Saturday, October 22, 2011

Good Is The New Bad

So there have been some minor uproars over game review scores lately that have gotten enough attention to rise above the usual internet static. First was Hydrophobia's developer pitching a fit over it receiving some less than glowing evaluations. Then the developer of the new Castlevania: Lords of Shadow title took issue with IGN delivering it a score of 7.5, which equates to "good" on their rating scale.

Since I personally reviewed one of these games, and I'm tentatively slated to review the other, it got me thinking about review scores in general as a sliding scale. It seems as of late, things have gone a bit awry.

Remember when you were in elementary school and the class was divided up by groups according to their reading skill? Each group had a specific color to go along with their workbooks. Children in the "Advanced" group set the gold-standard, readers in the "Average" group were told that they were "good", but were secretly spurned and tracked for being sub-par readers which translated to "good enough". Kids in the "Remedial" group had parents that were related to one another.

The video game industry appears to have reached a point where it is so cut-throat and competitive, that less than stellar review scores for games now equate to a title being forgettable or outright bad. This is only reinforced by the above incidents where developers speak out against a score that is considered in the upper echelon of the sites review scale, but not the very top.

It would be easy to just blame developers and PR people for "not delivering on promises", but the gaming journalism industry is largely at fault too. We (yes I'm lumping myself in there) sit and hype games based on pure speculation, creating a buzz months before there is even a tangible product to evaluate. This in turn creates a readership with very high expectations. I'm not telling anyone they should have to settle. Don't ever settle. Stay hungry, like Twisted Sister told you to. However, I think this behavior from us actually creates an almost self-destructive environment.
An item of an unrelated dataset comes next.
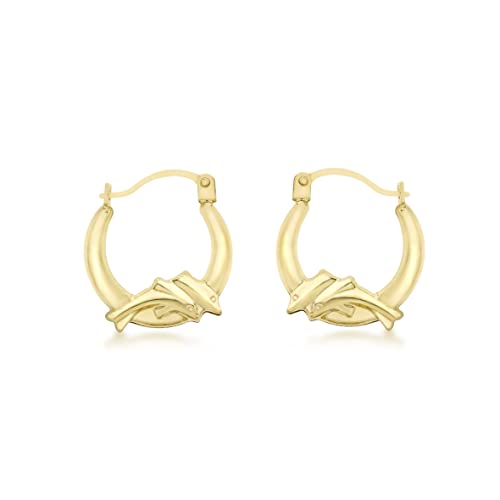 Boucles d'oreilles créoles or jaune double dauphin bijoux fins femme 9ct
In a world where only the top scores mean something is worthwhile, a few docked points garner a title being widely ignored, and a low score yielding a possible phone call or email from an angry company, a new precedent is set. Reviewers most likely give much higher scores simply because their frame of reference is skewed, or because they don't want to deal with the backlash from the occasional low score. So then what's even the point of having numbers below 4 or 8 on the scale at all?

I think as the holiday game season comes upon us we will only see more of this as the top titles compete among cash strapped consumers. There are always winners and losers in a competitive industry, but a combination of the journalist hype machine, and impertinent developers reacting to imperfect scores for their works are creating a culture where we can't separate "median" from "mediocre".